At length his son and daughter joined him and took part in his domestic and out-door enjoyments. They accompanied him in his drives and rides, and Matt took part in his chemical experiments. One of their great delights was the fabrication of an immense paper balloon, and the making of the hydrogen gas to fill it with. After great preparations the balloon was made and filled, and sent up in the field behind the house, to the delight of all concerned. To Mrs. Watt he wrote expressing to her how much pleasanter his residence in Cornwall had become since his son and daughter’s visit. “I shall be happier,” he said, “during the remainder of my residence here than in the former part of it; for I am ill calculated to live alone in an enemy’s country, and to contest lawsuits. Besides, the only source of happiness I look for in my future life is in my children. Matt behaves extremely well, is active and good-humoured; and my daughter, too, has, I think, good dispositions and sentiments, which I shall cherish, and prevent as much as possible from being sullied by narrow and illiberal-minded companions.” After a few months’ pleasant social intercourse with his family at Cosgarne, varied by occasional bickerings with the adventurers out of doors about dues, Boulton returned to Birmingham, to enter upon new duties and undertake new enterprises.


CHAPTER XVII.
Commercial Politics—The Albion Mills—Riots in Cornwall—Prosperity of Boulton and Watt.

When Boulton returned to Birmingham, he was urgently called upon to take part in a movement altogether foreign to his habits. He had heretofore been too much engrossed by business to admit of his taking any active part in political affairs. Being, however, of an active temperament, and mixing with men of all classes, he could not but feel an interest in the public movements of his time. Early in 1784, we find him taking the lead in getting up a loyal address to the King on the resignation of the Portland Administration and the appointment of Mr. Pitt as Prime Minister. It appears, however, that Pitt disappointed his expectations. One of his first projects was a scheme of taxation, which he introduced for the purpose of remedying the disordered state of the finances, but which, in Boulton’s opinion, would, if carried, have the effect of seriously damaging the national industry. The Minister proposed to tax coal, iron, copper, and other raw materials of manufacture, to the amount of about a million a year. Boulton immediately bestirred himself to oppose the adoption of the scheme. He held that for a manufacturing nation to tax the raw materials of wealth was a suicidal measure, calculated, if persevered in, to involve the producers of wealth in ruin. “Let taxes,” he said, “be laid upon luxuries, upon vices, and if you like upon property; tax riches when got, and the expenditure of them, but not the means of getting them; of all things, don’t cut open the hen that lays the golden eggs.”[267]

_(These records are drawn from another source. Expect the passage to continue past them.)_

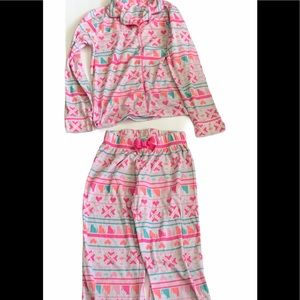 SO Branded Girls PJ Set -Size 10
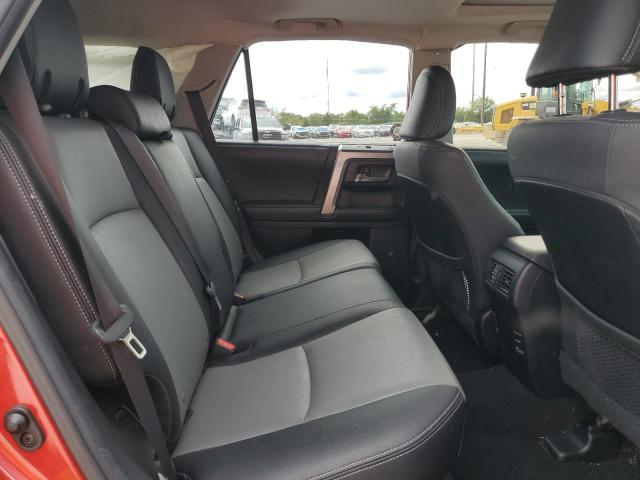 JTEBU5JRXK5708555 - 2019 TOYOTA 4RUNNER SR5/SR5 PREMIUM Կարմիր լուսանկար 11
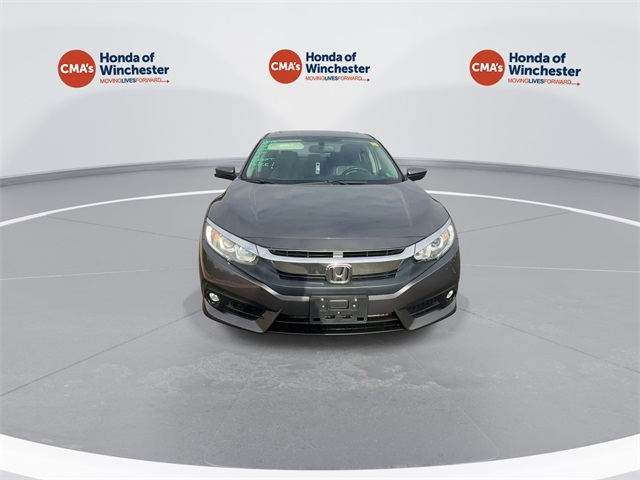 2016 Honda Civic EX-L photo 3
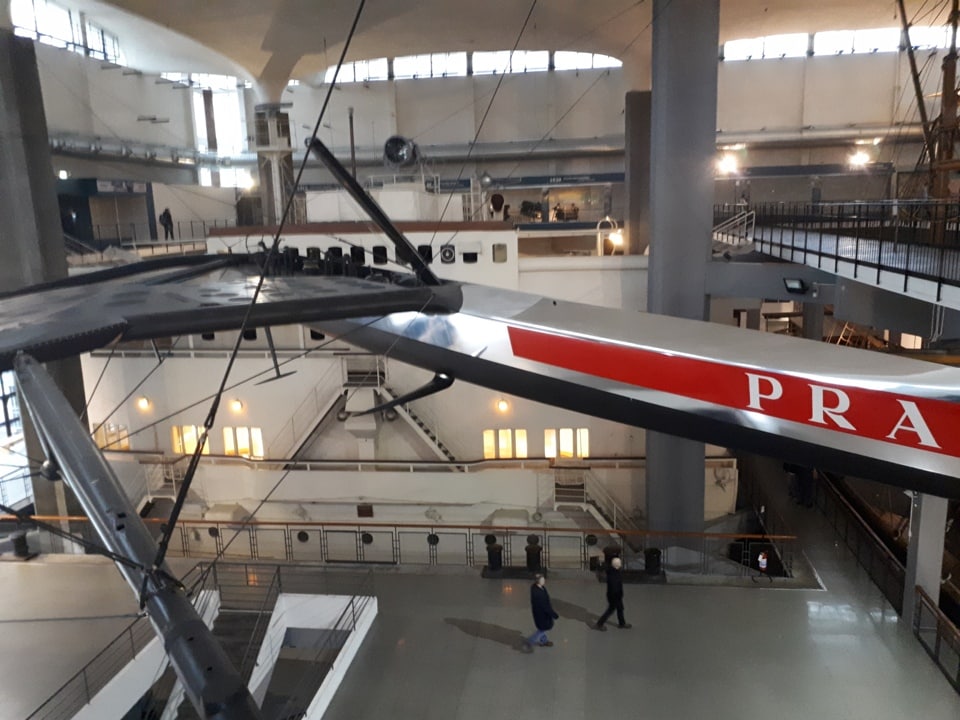 Museo Nazionale Scienza e Tecnologia Leonardo da Vinci a Milano Museo Nazionale Scienza e Tecnologia Leonardo da Vinci a Milano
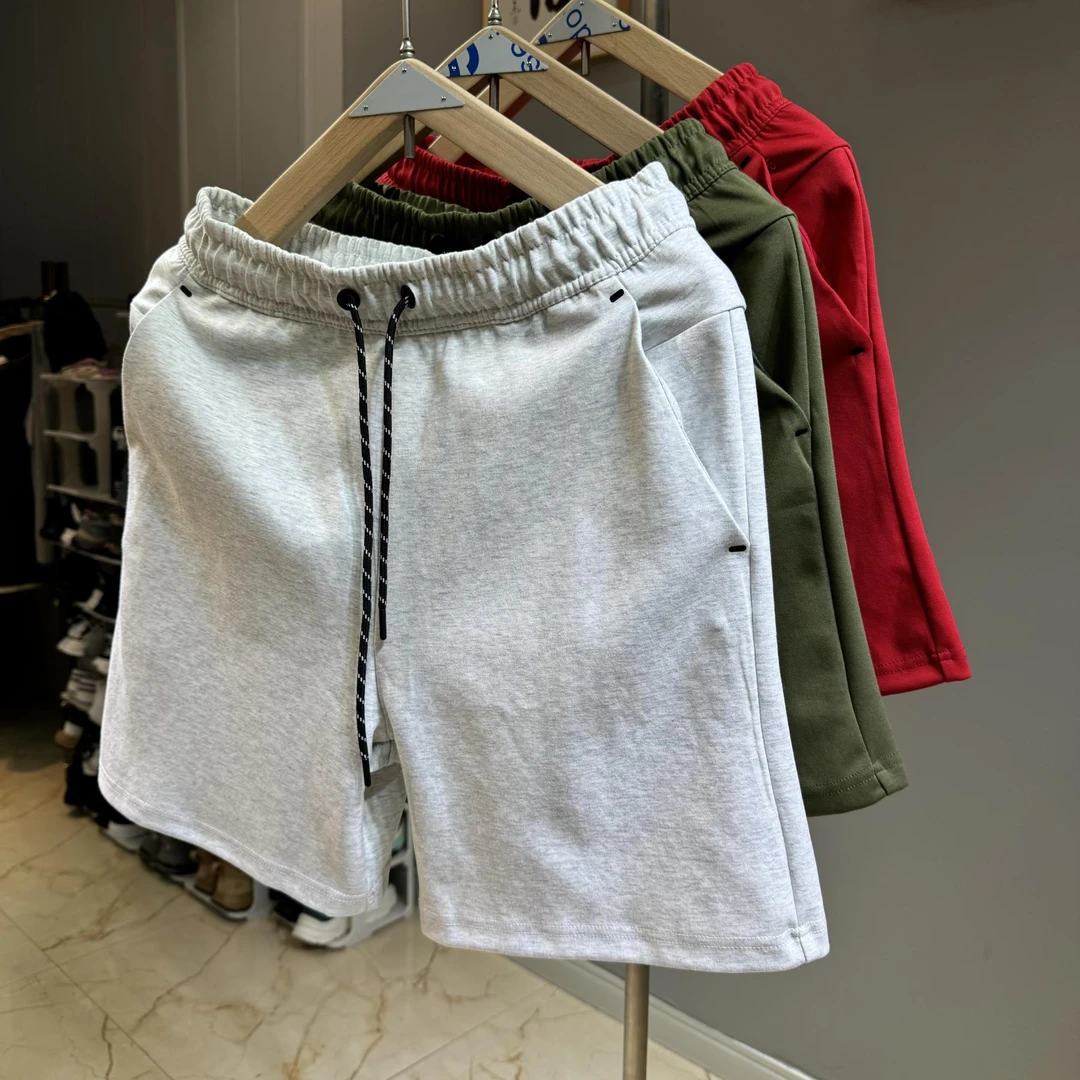 退货补运费 钩子平替 男士春夏户外机能运动休闲短裤 5分裤8258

Petitions and memorials were forthwith got up in the midland counties, and presented against the measure; and Boulton being recognised as the leader of the movement in his district, was summoned by Mr. Pitt to London to an interview with him on the subject. He then took the opportunity of pressing upon the Minister the necessity of taking measures to secure reciprocity of trade with foreign nations, as being of vital importance to the trade of England. Writing to his partner Scale, he said, “Surely our Ministers must be bad politicians, to suffer the gates of nearly every commercial city in the world to be shut against us.” “There is no doubt,” he wrote to his friend Garbett, “but the edicts, prohibitions, and high duties laid upon our manufacturers by foreign powers will be severely felt, unless some new commercial treaties are entered into with such powers. I fear our young Minister is not sufficiently aware of the importance of the subject, and I likewise fear he will pledge himself before Parliament meets to carry other measures in the next session that will be as odious to the country as his late attempts.”